Re: [DPUB][Locators]Cancellation and Next Steps

From: Leonard Rosenthol <lrosenth@adobe.com>
Date: Tue, 26 Jan 2016 12:03:22 +0000
To: Romain <rdeltour@gmail.com>, Ivan Herman <ivan@w3.org>
CC: Bill Kasdorf <bkasdorf@apexcovantage.com>, W3C Digital Publishing IG <public-digipub-ig@w3.org>
Message-ID: <7C8088FF-7B8D-4992-B166-EB00ED5291BC@adobe.com>
>- more conceptually, I would argue that the unpacked content served at https://example.org/ThePublication isn't semantically equivalent
>(in the context of an HTTP request) to the packaged version at https://example.org/ThePublication?packed.

Which is EXACTLY what I have been arguing for a while now as well!    Thank you Romain!


From: Romain <rdeltour@gmail.com<mailto:rdeltour@gmail.com>>
Date: Tuesday, January 26, 2016 at 4:44 AM
To: Ivan Herman <ivan@w3.org<mailto:ivan@w3.org>>
Cc: Leonard Rosenthol <lrosenth@adobe.com<mailto:lrosenth@adobe.com>>, Bill Kasdorf <bkasdorf@apexcovantage.com<mailto:bkasdorf@apexcovantage.com>>, W3C Digital Publishing IG <public-digipub-ig@w3.org<mailto:public-digipub-ig@w3.org>>
Subject: Re: [DPUB][Locators]Cancellation and Next Steps

On 26 Jan 2016, at 09:50, Ivan Herman <ivan@w3.org<mailto:ivan@w3.org>> wrote:

On 25 Jan 2016, at 16:48, Romain <rdeltour@gmail.com<mailto:rdeltour@gmail.com>> wrote:

The problem with conneg is that there are many forms and it's sometimes difficult to understand which one we're talking about :)
Here I was assuming you were considering server-driven conneg (aka proactive conneg) where the client sends Accept headers and the server returns the best-match answer.
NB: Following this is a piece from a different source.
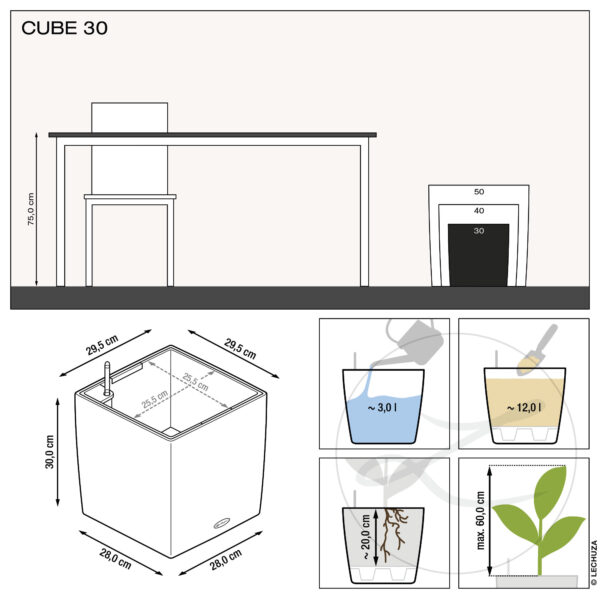 Cube Premium 30 hiilenharmaa All-In-One Set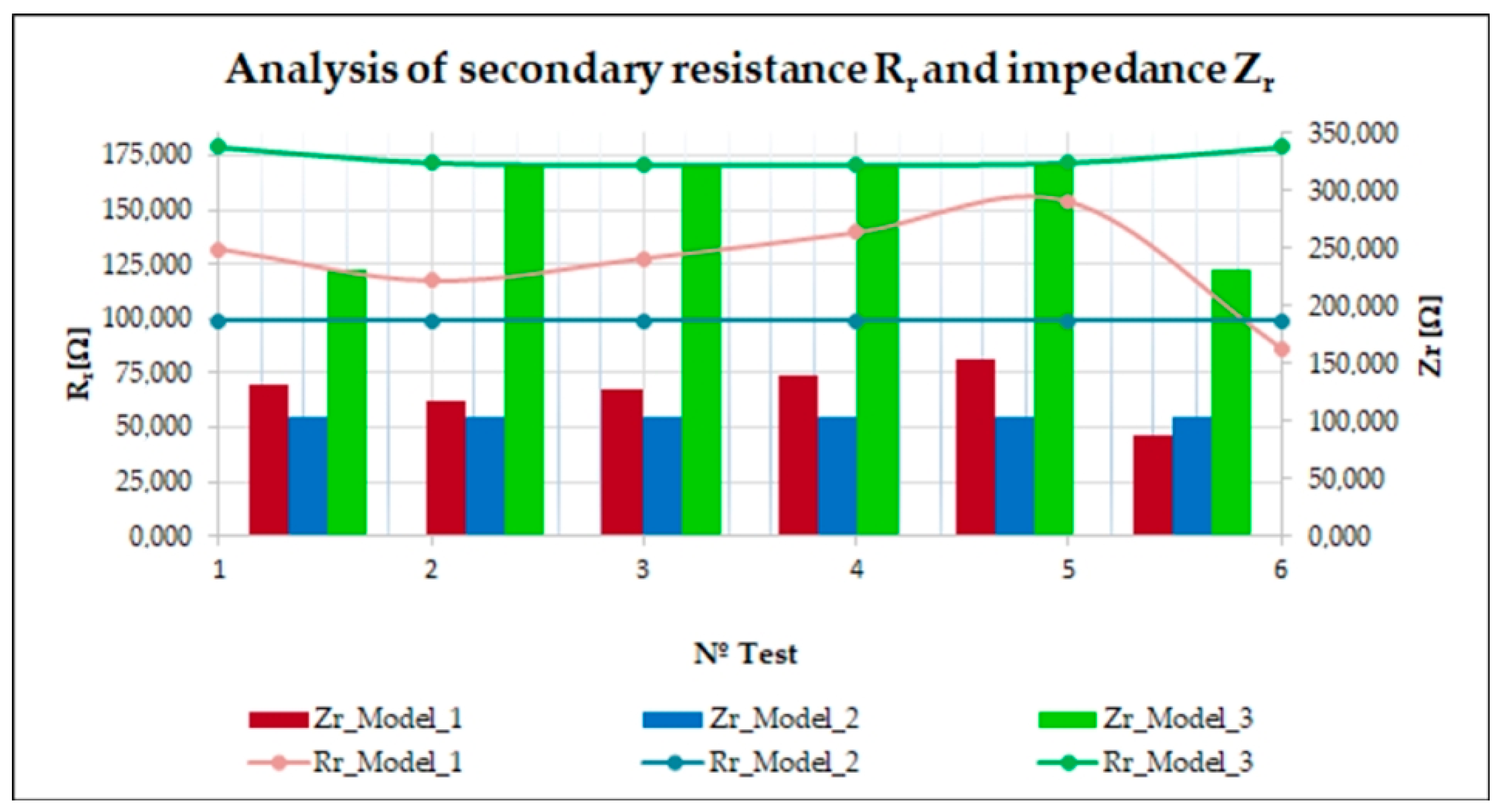 Machines 12 00089 g015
We shouldn't do this.
It appears instead that you're considering an agent-driven conneg pattern (aka reactive conneg); but then, this can take many forms.
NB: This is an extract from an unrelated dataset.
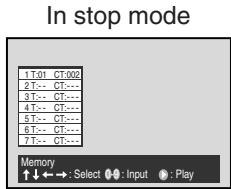 In stop mode 1 T:01 CT:002 2 T-- CT--- 3 T-- CT--- 4 T-- CT--- 5 T-- CT--- 6 T-- CT--- 7 T-- CT--- Memory ↑↓←→ : Select 🔊 : Input 🔒 : Play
Actually… no. In your description what I was considering is what you call server-driven conneg. Note that the client does not have to send an Accept header; the server can set up a default priority.

I am not sure why you say 'we shouldn't do this'? What is your argument?

There are many reasons, most described in the RFC2616 for HTTP/1.1 [1].

- proactive conneg requires clients to set HTTP headers. It may work well for an API with dedicated clients, but browsers won't add PWP-aware headers to all requests they make, so in the general case of browsing the web we have to cater for a reactive conneg pattern anyway.
- proactive conneg is problematic for caches.
- more conceptually, I would argue that the unpacked content served at https://example.org/ThePublication isn't semantically equivalent (in the context of an HTTP request) to the packaged version at https://example.org/ThePublication?packed. In the former case, the GET returns an HTML doc with links to subsequent resources, in the latter case, it returns *all* the resources. It's just not the same beast.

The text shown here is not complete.